The following code block sorts and prepares the image paths for processing from the SoccerNet dataset.



In [None]:
player_id_dir = os.listdir("/kaggle/input/soccernet/Data/SoccerNet/jersey-2023/train/train/images")
player_id_dir = natsorted(player_id_dir)
player_id_dir = ["/kaggle/input/soccernet/Data/SoccerNet/jersey-2023/train/train/images/"+i+"/" for i in player_id_dir]
img_paths = [os.path.join(directory, filename) for directory in player_id_dir for filename in os.listdir(directory)]

In [None]:
len(img_paths)

#### Image Processing and Saving

In [None]:
# Function to process images
def process_and_save_image(img_path):
    try:
        image = preprocess_image(img_path)
        if image is not None and image[0] == "no_jersey":
            dest_path = "/kaggle/working/soccernet/jersey-2023/train/train/blur_no_jersey_images/" + img_path.split("/")[-2] + "/" + img_path.split("/")[-1]
        elif image is not None and image[0] == "jersey":
            dest_path = "/kaggle/working/soccernet/jersey-2023/train/train/images/" + img_path.split("/")[-2] + "/" + img_path.split("/")[-1]
        cv2.imwrite(dest_path, img=image[1])
    except Exception as e:
        print(f"Error processing image {img_path}: {str(e)}")
        pass

# Main function
def main():
    start_time = time.time()
    
    with concurrent.futures.ThreadPoolExecutor() as executor:
        executor.map(process_and_save_image, img_paths)

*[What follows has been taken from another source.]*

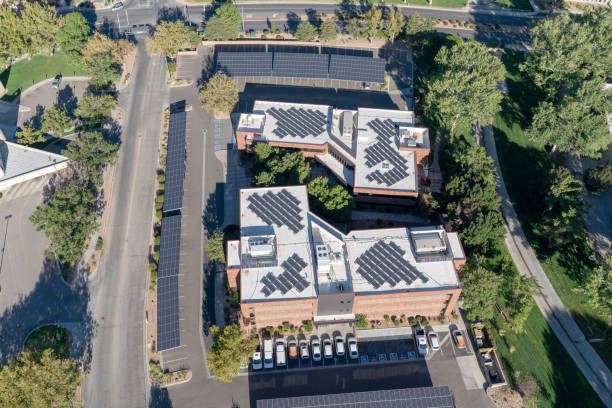 istock Solar panels green energy office park 1055612294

    end_time = time.time()
    elapsed_time = end_time - start_time
    print("Time consumed:", elapsed_time, "seconds")

if __name__ == "__main__":
    main()

## Data Creation Procedure

### Preprocessing and Function Implementation
1. **Preprocessing Steps:** Initially, complete the preprocessing steps required for the image extraction and processing tasks.
2. **Function Implementation:** Implement necessary functions for image extraction and processing to facilitate subsequent steps.

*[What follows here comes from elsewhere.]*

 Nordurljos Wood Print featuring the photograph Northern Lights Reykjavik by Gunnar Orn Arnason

### Grouping Extracted Jersey Numbers
1. **Reading Ground Truth JSON File:**
```python
   with open(r'Data\SoccerNet\jersey-2023\test\test\test_gt.json', 'r') as file:
       data = json.load(file)
```
2. **Defining Labels and Paths:**
```python
    labels = []
    paths = []
    for i in range(len(data)):
        for j in os.listdir(path_to_preprocessed_extracted_jersey_no_images + str(i)+"/"):
            label = data[str(i)]
            path = path_to_preprocessed_extracted_jersey_no_images + str(i)+"/"+j
            labels.append(label)
            paths.append(path)
```
3. **Creating DataFrame:**
```python
    df = pd.DataFrame({"img_path": paths, "label": labels})
```

4. **Sorting DataFrame by Label:**
```python
    grouped = df.sort_values(by=['label'])
```
5. **Creating Directories for Data Storage:**
```python
    unique_labels = list(set(data.values()))
    for label in unique_labels:
        os.makedirs("test/test/images/" + str(label), exist_ok=True)
```
6. **Grouping Jersey Extracts with Corresponding Labels:**
```python
    for _, row in grouped.iterrows():
        label = row["label"]
        source = row["img_path"]
        destination = "test/test/images/" + str(label) + "/"
        try:
            shutil.copy(source, destination)
            print("File copied successfully.")
        except shutil.SameFileError:
            print("Source and destination represent the same file.")
        except PermissionError:
            print("Permission denied.")
        except Exception as e:
            print(f"Error occurred while copying file: {e}")
```
### Manual Data Cleaning
* After the initial data organization step, manual data cleaning was conducted.
* Each extracted image was carefully inspected to remove any erroneous or irrelevant samples.
* The cleaning process ensured that only high-quality and relevant data remained for further analysis and model training.